In August, J&J notified “disproportionate share” hospitals, which serve a significant population of struggling patients, that it would no longer be providing them with upfront discounts for the psoriasis medication Stelara and the anticoagulant Xarelto. Beginning in mid-October, the pharmaceutical company intended to demand that hospitals pay the full cost of the medications, providing them with a rebate later.
Hospitals promptly denounced the proposal, arguing that the modification would enable J&J to significantly postpone discounts and maybe evade their payment entirely. They also pointed out that the rebate scheme violated the 340B legislation.
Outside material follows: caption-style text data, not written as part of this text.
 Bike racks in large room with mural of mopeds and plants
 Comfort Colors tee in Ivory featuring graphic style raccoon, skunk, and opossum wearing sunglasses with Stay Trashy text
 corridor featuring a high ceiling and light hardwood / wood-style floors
At present, pharmaceutical manufacturers must disclose the 340B price upon purchase.
The Health Resources and Services Administration (HRSA), the Department of Health and Human Services (HHS) office responsible for overseeing the 340B program, sent a letter to Johnson & Johnson in September, alerting that rebating 340B pharmaceuticals in that manner would constitute a violation of the law. If J&J executes its strategy, it may incur substantial penalties of around $7,000 per infraction or risk the annulment of its pharmaceutical price contract with the government.
Losing that deal would mean drugs developed by J&J would be pulled out of Medicare and Medicaid coverage – a hefty stick for regulators because J&J would be denied access to potentially millions of patients.
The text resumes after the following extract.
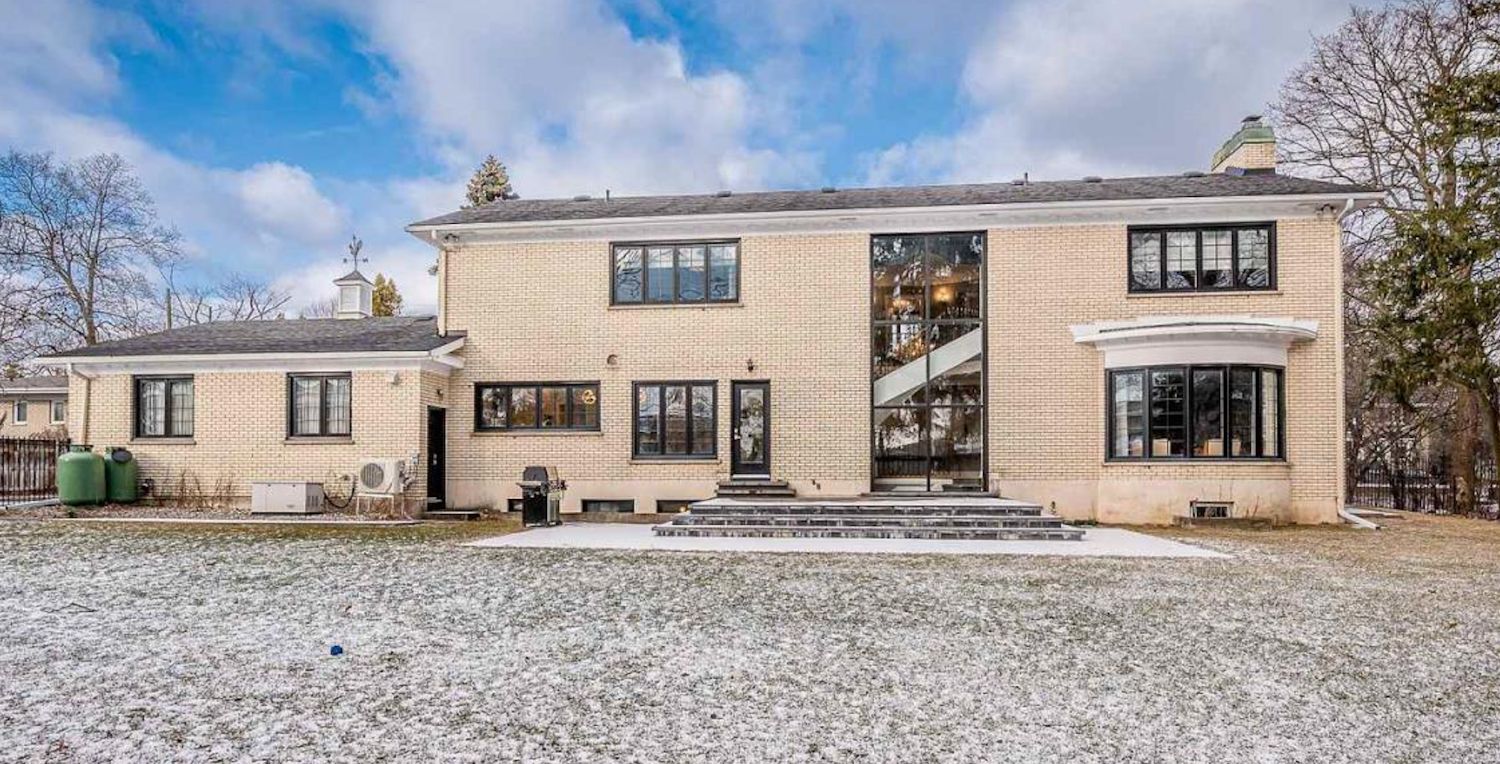 Rear of the estate with a two-storey glazed stairwell and new black-frame windows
J&J has asserted that 340B legislation enables manufacturers to employ rebates to give the lower 340B pricing to hospitals. The strategy — which would offer J&J a chance to check a hospital’s buying and dispensing record for a 340B medicine before the hospital gets a reimbursement — would help enhance program authenticity, according to the firm.
“J&J’s Rebate Model is a necessary first step toward restoring the 340B program’s intended purpose of enabling the program to operate efficiently and effectively in today’s complex healthcare system,” the New Jersey-based firm wrote to HRSA. “But due to HRSA’s unwarranted threats of excessive and unlawful penalties, J&J has no choice but to forgo implementation of the Rebate Model.”
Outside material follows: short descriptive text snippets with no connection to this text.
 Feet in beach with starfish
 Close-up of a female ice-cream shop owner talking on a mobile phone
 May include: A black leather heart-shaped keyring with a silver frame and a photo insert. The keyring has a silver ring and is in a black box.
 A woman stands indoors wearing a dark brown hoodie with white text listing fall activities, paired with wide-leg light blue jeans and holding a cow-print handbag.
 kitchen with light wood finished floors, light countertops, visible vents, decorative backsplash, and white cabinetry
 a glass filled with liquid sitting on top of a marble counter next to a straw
Pharmaceutical companies and hospitals are continuously at war over 340B, a program designed 30 years ago to make it easier for hospitals struggling with finances to acquire pricy drugs. However, drugmakers believe 340B has blown out of hand, and that hospitals are exploiting the program to gain a profit.
Meanwhile, hospitals believe drugmakers are seeking to evade paying discounts under 340B. That’s because the savings may be considerable — often 20 to 50% off the listed cost of a medicine.
Research is split on hospitals’ use of 340B money, with some evidence indicating hospitals utilize income from the scheme to broaden healthcare services and finance uncompensated treatment. Others have utilized it for goals unrelated to patient care, such as purchasing medical practices. Similarly, audits of covered companies have discovered many providers aren’t adhering to 340B standards, including not reselling cheap pharmaceuticals.
Concerns regarding program integrity have risen as the program has progressed. 340B has increased to encompass over 30% of U.S. hospitals, while medications bought in the program climbed by about a fourth to approximately $54 billion between 2021 and 2022.